1667: The first shipment of firearms reaches Japan. Shogun Tokugawa Ietsuna loosens the Seclusion Laws, effectively granting trading rights to European allies of the Netherlands. Pieter Alecsander Von Quadt (or Piite No Kowadda, as he becomes known locally) becomes the Ducth Ambassador to Japan.

1668: All is not well in Beijing; the establishment is thoroughly ashamed in not having been able to sort out the Ming Loyalist problem themselves, and confidence in the young Emperor Kang Xi is low. And so, the Huangdi's minister, Oboi, has the young emperor's grandmother and dowager assassinated so that he himself could obtain dictatorial powers. The thirteen year-old Kang Xi is helpless and is assigned to house arrest as Oboi attempts to reassert power from Beijing. This move splits the Manchus and scuffles begin to occur throughout Manchuria.
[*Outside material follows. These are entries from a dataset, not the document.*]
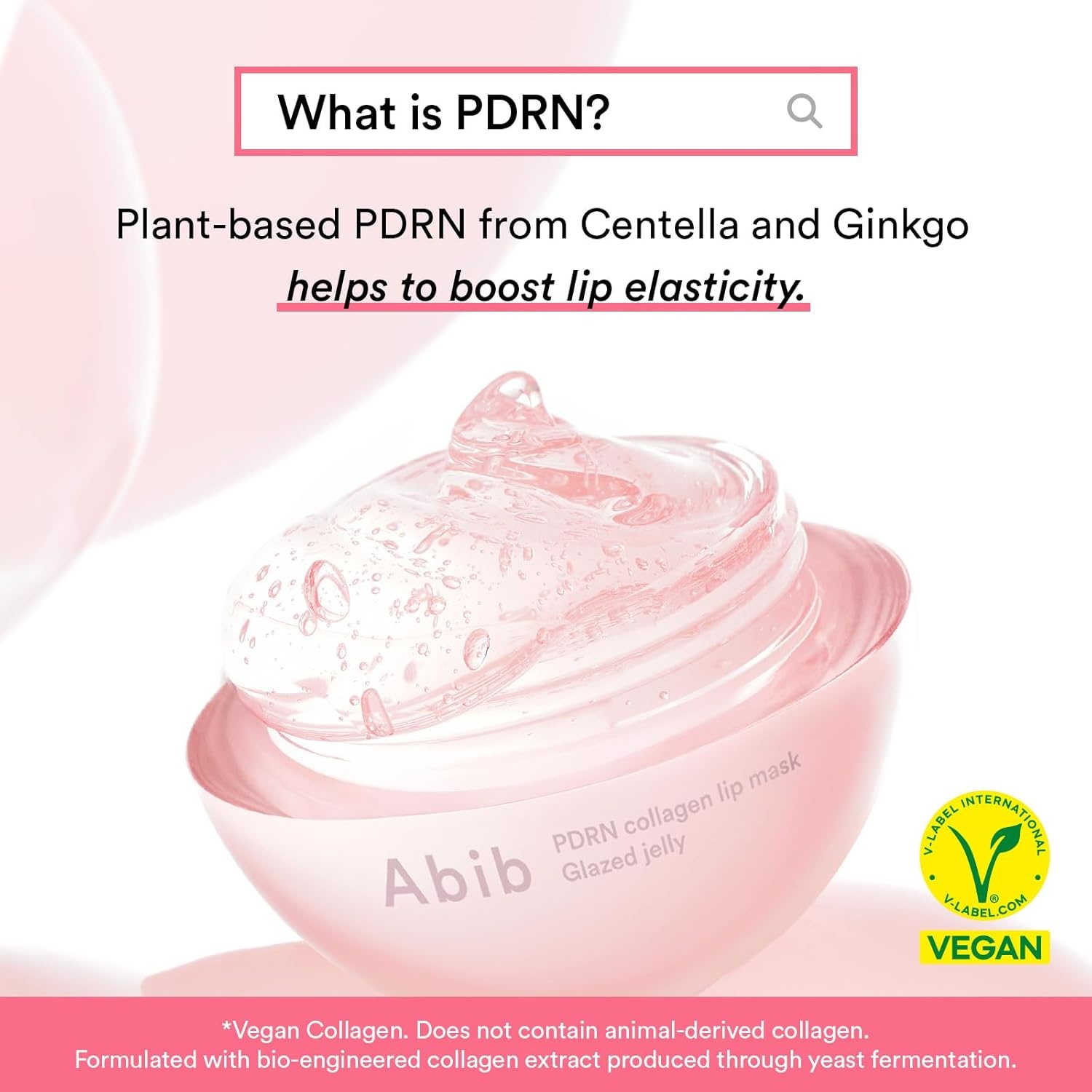 Abib Pink Me Up PDRN 3 Step Glow Kit | Overnight Firming Jelly Mask, PDRN Retinal Eye patches, PDRN Lip Mask | Mothers Teen Korean Skincare Set for Glass Skin, Birthday Gifts for Women(PDRN Vegan Collagen* Lip Mask) - view 4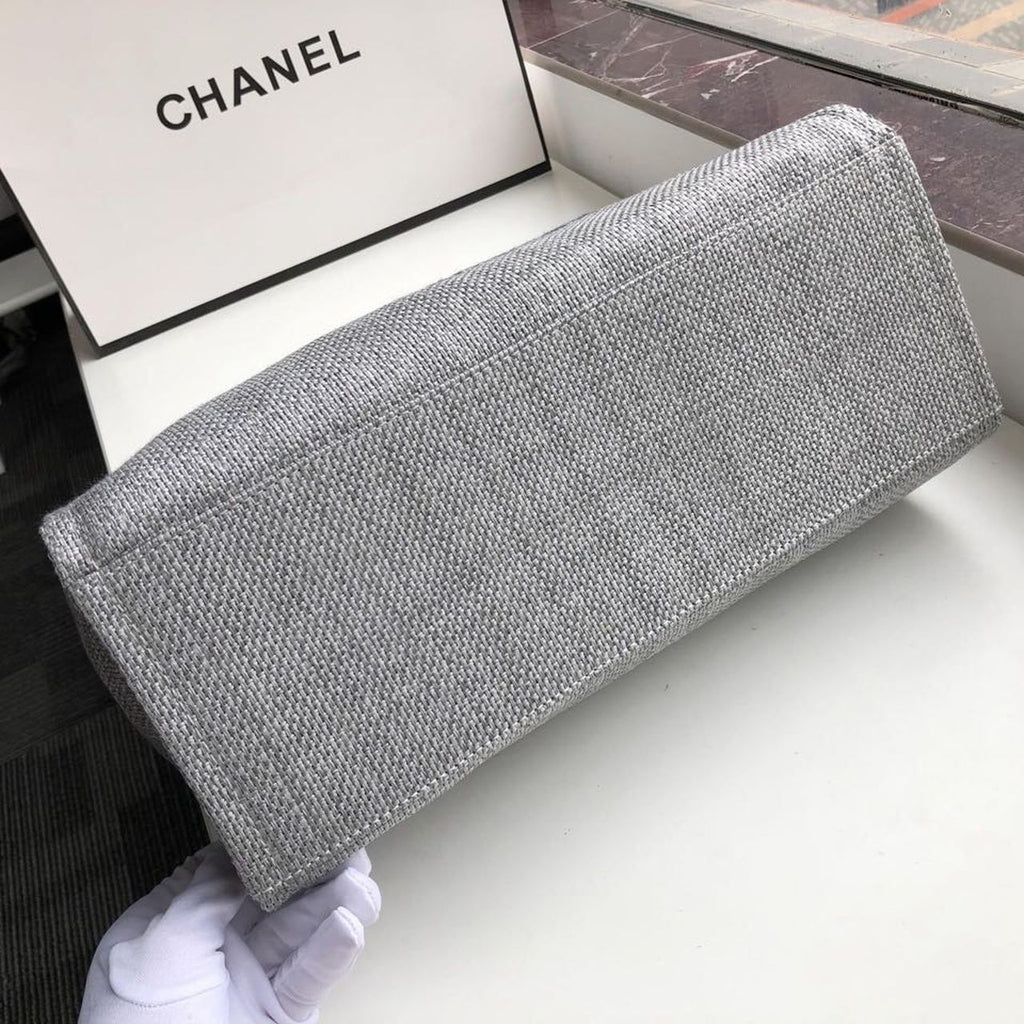 ChanelSmall Shopping Bag SiLouis Vuittoner Hardware Grey For Women, Women’s Handbags, Shoulder Bags 15.2in/39cm AS3257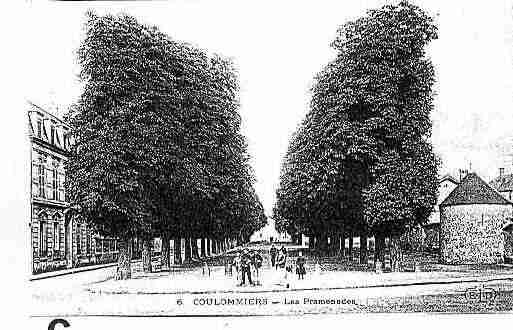 Ville de COULOMMIERS Carte postale ancienne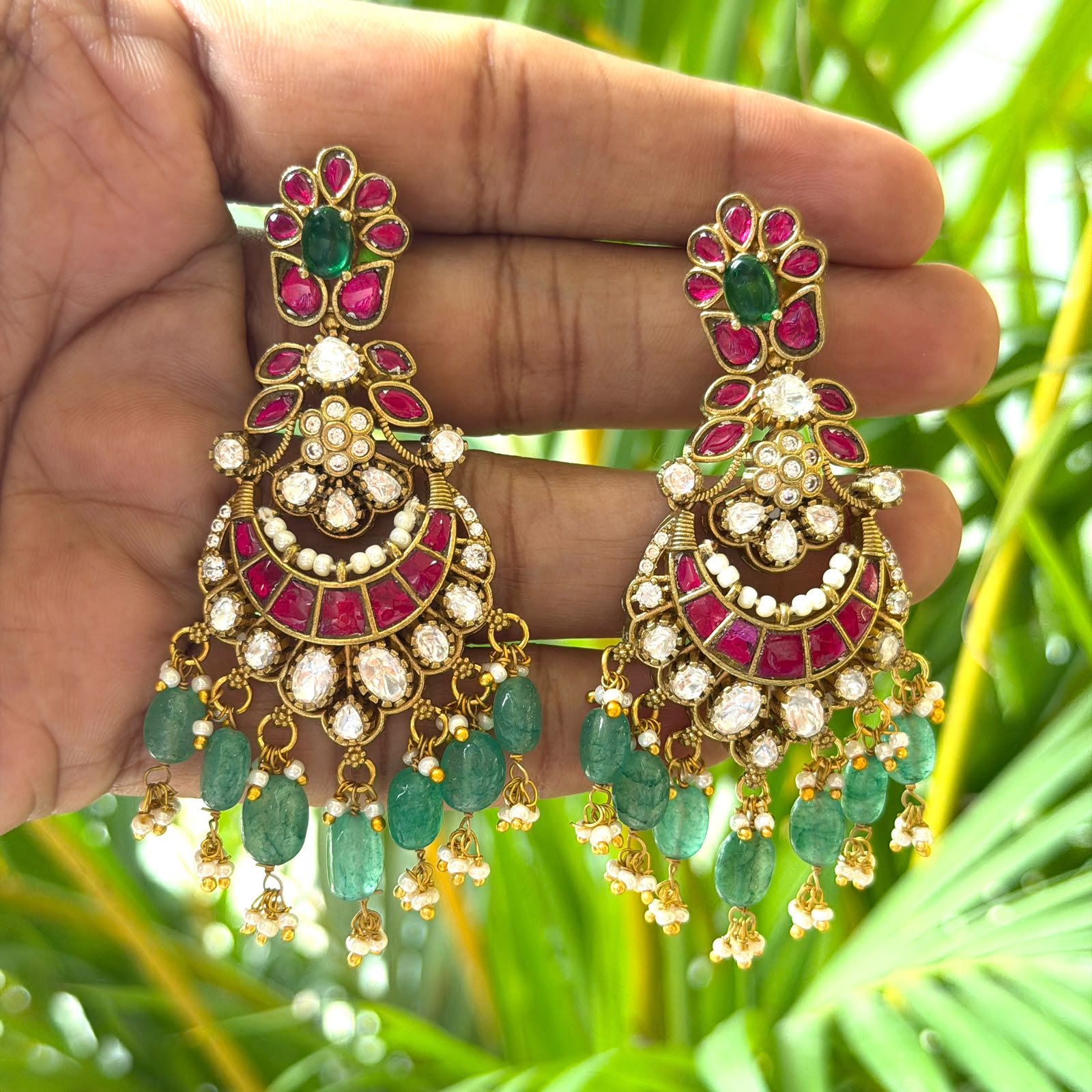 Jadau Kundan Earrings JE07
1670: The first Renaissance texts reach Japan, they are not widely translated or read, but they are indicative of an introduction of Western thought.

1671: The newly appointed Shogun, Tokugawa Nobuyoshi, a young, pro-Western man with a keen skill for shooting, decides that in the light of growing strife in Oboi's China, the time is ripe for a Japanese to claim the Mandate of Tian. And so, that spring, he assembles the most modern army East Asia had yet seen and marches toward Beijing.
During his campaign he co-ordinates anti-Manchu forces and when he eventually reaches Beijing he is welcomed by many of the city's citizens.
However, when he reaches the Forbidden Palace he performs a move that shocks his contemporaries. Instead of announcing that the Japanese Tenno is assuming the Chinese throne, he claims the throne for himself! Forming the Sino-Japanese Empire, with himself as the first Huangdi of the Dechuan dynasty.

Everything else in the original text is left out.